American journalist and game show host (1914–1991)

John Charles Patrick Croghan Daly (February 20, 1914 – February 24, 1991) was an American journalist, host, CBS radio and television personality, ABC News executive, TV anchor, and game show host, best known for his work on the CBS panel game show What's My Line?

Daly was the first national correspondent to report the attack on Pearl Harbor and the death of Franklin D. Roosevelt. During World War II, Daly covered front-line news from Europe and North Africa.

==Early life==
Daly was born in Johannesburg, South Africa in 1914, where his American father, John Daly Sr., was working as a geologist. After his father died of tropical fever, Daly's Irish-born mother, a British citizen, moved the family to Boston, Massachusetts. At that time, John was 11 years old. He attended the Tilton School, where he later served on the board of directors for many years, contributing to the construction or restoration of many buildings on campus. He did his post-secondary education at a junior college and graduated from Boston College. Daly worked for a time in a wool factory, and at a transit company in Washington, D.C., before becoming a reporter for NBC Radio, and later for CBS.

==Career==
===Radio===
Daly began his broadcasting career as a reporter for NBC Radio and then WJSV, the local CBS Radio Network affiliate in Washington, D.C., as CBS' White House correspondent. He appears on the famous "One Day in Radio" tapes of September 21, 1939, in which WJSV preserved its entire broadcast day for posterity. In this presentation, Daly has a mid-morning show as a man-on-the-street reporter asking quiz questions of passersby.

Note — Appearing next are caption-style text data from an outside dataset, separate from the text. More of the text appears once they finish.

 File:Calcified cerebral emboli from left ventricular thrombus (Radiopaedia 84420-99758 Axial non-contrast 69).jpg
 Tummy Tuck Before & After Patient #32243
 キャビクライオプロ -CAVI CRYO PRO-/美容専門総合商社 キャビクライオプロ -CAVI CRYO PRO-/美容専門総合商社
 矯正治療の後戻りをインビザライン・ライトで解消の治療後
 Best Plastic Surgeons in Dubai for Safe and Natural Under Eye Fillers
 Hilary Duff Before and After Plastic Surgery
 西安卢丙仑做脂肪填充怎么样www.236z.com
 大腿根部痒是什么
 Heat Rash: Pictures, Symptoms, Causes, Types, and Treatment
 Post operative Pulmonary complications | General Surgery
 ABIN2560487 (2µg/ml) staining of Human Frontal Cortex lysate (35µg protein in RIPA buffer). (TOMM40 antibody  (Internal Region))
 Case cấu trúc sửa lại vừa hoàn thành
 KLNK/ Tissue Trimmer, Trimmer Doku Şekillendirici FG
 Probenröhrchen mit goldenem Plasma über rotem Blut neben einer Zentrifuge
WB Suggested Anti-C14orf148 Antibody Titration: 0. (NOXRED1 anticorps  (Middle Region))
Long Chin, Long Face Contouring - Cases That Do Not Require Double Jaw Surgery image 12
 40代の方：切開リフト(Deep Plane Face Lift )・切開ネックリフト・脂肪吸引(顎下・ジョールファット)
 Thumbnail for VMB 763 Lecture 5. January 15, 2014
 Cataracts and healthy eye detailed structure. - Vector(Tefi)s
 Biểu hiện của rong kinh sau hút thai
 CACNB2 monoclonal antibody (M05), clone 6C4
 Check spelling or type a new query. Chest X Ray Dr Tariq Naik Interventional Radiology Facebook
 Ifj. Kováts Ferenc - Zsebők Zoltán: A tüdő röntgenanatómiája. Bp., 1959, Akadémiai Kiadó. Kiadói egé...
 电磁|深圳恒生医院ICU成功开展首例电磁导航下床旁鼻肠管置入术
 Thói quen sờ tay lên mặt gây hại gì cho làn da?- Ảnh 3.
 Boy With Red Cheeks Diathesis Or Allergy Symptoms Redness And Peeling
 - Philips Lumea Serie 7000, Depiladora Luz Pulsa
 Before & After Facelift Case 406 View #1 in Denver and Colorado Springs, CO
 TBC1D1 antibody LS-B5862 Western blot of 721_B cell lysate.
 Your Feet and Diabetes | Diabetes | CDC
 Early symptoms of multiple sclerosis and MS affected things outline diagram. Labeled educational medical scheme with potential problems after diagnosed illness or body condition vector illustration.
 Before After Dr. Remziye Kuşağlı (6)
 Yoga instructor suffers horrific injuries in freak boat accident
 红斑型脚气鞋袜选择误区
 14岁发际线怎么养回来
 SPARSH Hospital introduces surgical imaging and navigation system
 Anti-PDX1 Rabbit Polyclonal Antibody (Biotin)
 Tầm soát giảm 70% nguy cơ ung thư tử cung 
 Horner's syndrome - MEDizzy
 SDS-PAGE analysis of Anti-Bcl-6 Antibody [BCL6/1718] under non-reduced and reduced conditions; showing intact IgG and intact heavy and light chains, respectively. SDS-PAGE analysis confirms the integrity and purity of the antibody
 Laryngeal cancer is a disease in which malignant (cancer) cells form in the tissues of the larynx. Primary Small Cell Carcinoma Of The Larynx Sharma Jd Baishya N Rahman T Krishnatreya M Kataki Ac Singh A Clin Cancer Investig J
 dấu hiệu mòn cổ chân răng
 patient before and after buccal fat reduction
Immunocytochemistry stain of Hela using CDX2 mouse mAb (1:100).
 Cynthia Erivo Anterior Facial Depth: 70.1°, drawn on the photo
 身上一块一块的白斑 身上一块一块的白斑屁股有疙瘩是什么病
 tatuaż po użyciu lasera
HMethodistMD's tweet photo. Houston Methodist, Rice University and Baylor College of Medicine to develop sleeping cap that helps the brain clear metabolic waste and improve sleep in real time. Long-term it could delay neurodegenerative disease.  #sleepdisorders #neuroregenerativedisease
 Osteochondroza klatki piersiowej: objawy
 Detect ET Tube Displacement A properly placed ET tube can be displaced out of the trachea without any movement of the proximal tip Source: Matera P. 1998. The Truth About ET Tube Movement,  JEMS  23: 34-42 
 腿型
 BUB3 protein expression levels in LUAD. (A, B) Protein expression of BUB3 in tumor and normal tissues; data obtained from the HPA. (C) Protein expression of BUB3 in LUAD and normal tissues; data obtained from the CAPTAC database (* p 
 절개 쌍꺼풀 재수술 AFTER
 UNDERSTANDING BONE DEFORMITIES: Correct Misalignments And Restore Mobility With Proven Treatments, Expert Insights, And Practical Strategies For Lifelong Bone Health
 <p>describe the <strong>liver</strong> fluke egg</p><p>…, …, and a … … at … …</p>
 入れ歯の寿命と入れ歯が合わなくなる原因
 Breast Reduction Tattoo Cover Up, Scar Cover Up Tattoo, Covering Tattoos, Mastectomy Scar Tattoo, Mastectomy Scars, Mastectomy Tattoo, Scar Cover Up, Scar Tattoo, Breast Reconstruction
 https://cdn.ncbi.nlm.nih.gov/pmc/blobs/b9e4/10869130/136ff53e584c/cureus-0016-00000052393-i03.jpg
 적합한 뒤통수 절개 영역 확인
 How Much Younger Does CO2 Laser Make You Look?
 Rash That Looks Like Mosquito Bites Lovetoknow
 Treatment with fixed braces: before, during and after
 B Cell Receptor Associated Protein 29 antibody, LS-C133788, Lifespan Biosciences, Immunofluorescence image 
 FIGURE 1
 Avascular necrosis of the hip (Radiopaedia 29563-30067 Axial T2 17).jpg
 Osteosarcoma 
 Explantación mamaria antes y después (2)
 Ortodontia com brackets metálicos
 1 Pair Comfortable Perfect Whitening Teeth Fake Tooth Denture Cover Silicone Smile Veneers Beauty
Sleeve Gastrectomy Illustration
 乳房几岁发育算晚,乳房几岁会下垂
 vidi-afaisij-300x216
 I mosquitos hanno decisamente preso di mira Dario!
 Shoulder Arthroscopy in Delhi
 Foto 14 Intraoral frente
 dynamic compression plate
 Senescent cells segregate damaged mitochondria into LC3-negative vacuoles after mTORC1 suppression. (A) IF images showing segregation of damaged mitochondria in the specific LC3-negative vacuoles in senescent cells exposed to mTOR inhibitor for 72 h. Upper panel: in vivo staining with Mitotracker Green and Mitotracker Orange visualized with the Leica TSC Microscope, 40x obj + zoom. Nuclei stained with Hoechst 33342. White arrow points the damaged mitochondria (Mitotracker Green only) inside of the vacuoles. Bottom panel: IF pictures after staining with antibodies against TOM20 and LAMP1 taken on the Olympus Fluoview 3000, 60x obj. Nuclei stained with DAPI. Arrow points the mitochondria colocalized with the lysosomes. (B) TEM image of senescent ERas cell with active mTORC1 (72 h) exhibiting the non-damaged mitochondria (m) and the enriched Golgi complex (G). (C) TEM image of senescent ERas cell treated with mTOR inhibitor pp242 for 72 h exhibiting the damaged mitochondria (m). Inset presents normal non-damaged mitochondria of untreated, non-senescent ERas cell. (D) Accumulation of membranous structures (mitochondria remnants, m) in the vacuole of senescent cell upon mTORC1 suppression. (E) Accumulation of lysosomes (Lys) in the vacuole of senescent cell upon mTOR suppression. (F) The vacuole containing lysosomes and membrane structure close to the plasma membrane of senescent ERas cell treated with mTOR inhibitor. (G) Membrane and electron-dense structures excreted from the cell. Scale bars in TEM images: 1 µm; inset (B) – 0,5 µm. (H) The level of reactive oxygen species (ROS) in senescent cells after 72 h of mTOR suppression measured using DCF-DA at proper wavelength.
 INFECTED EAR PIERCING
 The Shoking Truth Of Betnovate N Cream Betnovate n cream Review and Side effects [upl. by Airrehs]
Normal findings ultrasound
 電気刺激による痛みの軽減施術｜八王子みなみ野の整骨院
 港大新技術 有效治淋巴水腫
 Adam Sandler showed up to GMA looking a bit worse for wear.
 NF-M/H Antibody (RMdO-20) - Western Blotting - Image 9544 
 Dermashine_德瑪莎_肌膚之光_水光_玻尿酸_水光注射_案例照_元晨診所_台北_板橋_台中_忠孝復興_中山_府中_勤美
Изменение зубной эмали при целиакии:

While covering the Roosevelt White House, Daly became known to the national CBS audience as the network announcer for many of the President's speeches. In late 1941, Daly transferred to New York City, where he became anchor of The World Today. During World War II, he covered the news from London as well as the North African and Italian fronts. Daly was a war correspondent in 1943 in Italy during Gen. George S. Patton's infamous "slapping incidents." After the war, he was a lead reporter on CBS Radio's news/entertainment program CBS Is There (later revived for television as the Walter Cronkite-hosted series You Are There), which recreated the great events of history as if CBS correspondents were on the scene.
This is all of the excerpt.